START PROVIDED ENTRIES

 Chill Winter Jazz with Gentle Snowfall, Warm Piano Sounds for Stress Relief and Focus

END PROVIDED ENTRIES
START PROVIDED ENTRIES

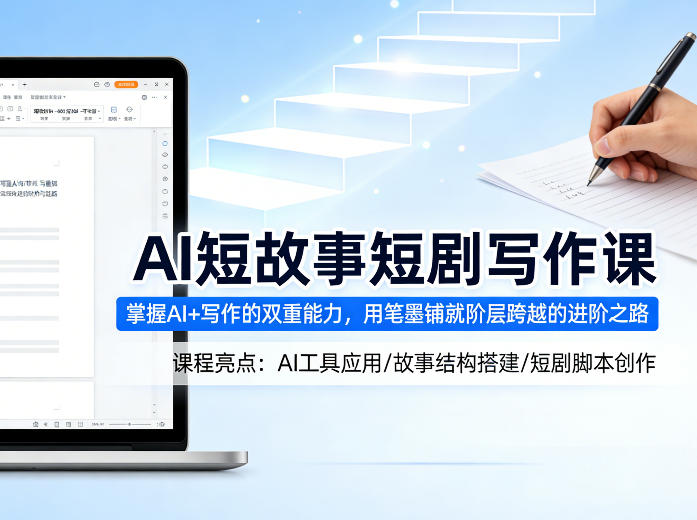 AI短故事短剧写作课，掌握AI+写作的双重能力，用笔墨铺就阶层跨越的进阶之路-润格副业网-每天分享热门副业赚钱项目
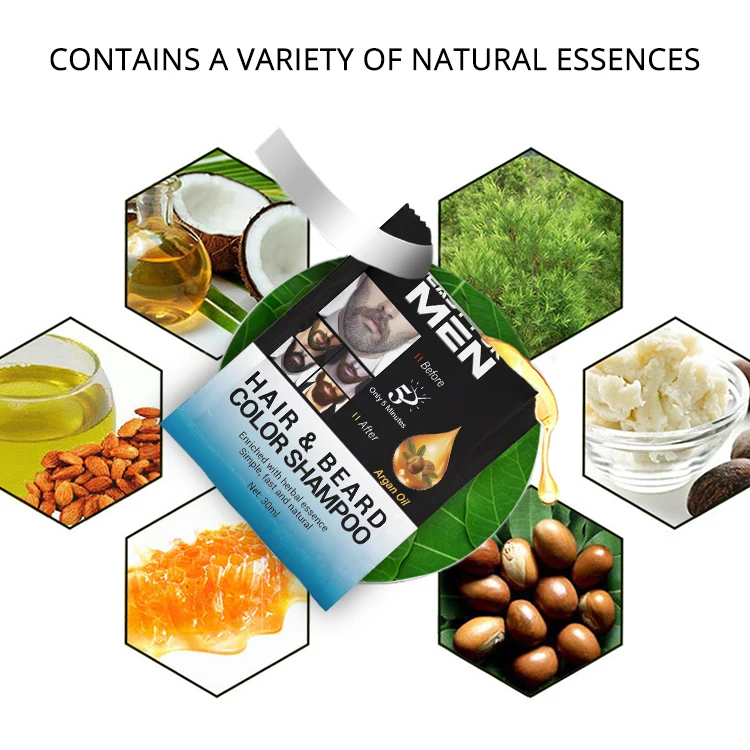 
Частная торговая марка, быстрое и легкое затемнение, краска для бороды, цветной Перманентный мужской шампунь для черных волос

END PROVIDED ENTRIES

▸ **EXERCISE GOAL**
Take the material above and output only the lines from the one that contains "AI短故事短剧写作课，掌握A" through the one that contains "Частная торговая марка, быстрое", ends included and images left out.

▸ **SOLVED PROBLEM**
 AI短故事短剧写作课，掌握AI+写作的双重能力，用笔墨铺就阶层跨越的进阶之路-润格副业网-每天分享热门副业赚钱项目
Частная торговая марка, быстрое и легкое затемнение, краска для бороды, цветной Перманентный мужской шампунь для черных волос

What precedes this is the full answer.